_PROBLEM STATEMENT:_
From the data that follows, set down exactly the lines from the one with "Image for The Battle of Chronos and Orpheus" through the one with "Log Horizon West", counting both. Pictures stay out.

_DATA RECORDS:_
--------------------------------------------------

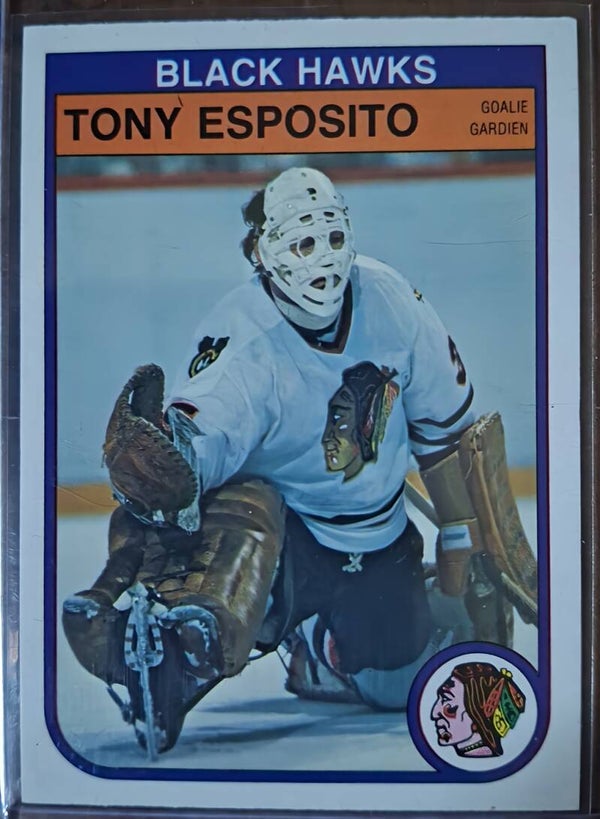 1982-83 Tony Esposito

--------------------------------------------------

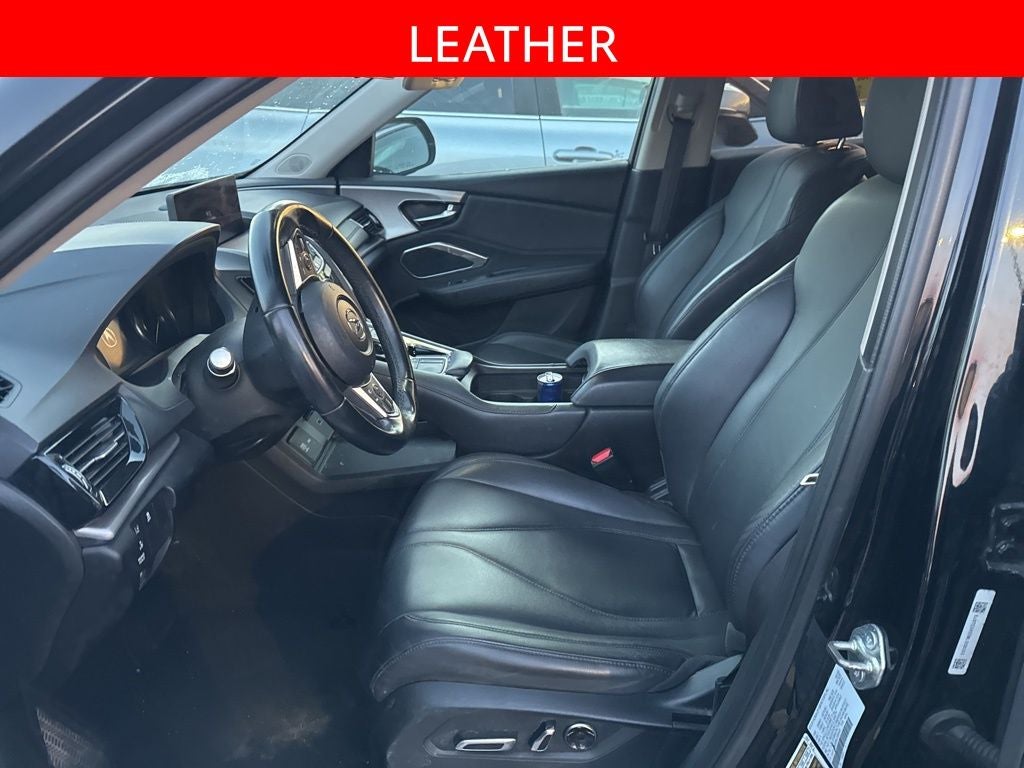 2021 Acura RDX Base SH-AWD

--------------------------------------------------

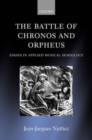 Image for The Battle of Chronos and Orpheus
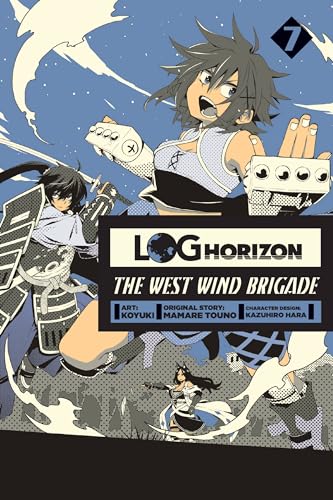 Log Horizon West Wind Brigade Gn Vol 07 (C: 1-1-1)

--------------------------------------------------

_EXERCISE ANSWER:_
 Image for The Battle of Chronos and Orpheus
 Log Horizon West Wind Brigade Gn Vol 07 (C: 1-1-1)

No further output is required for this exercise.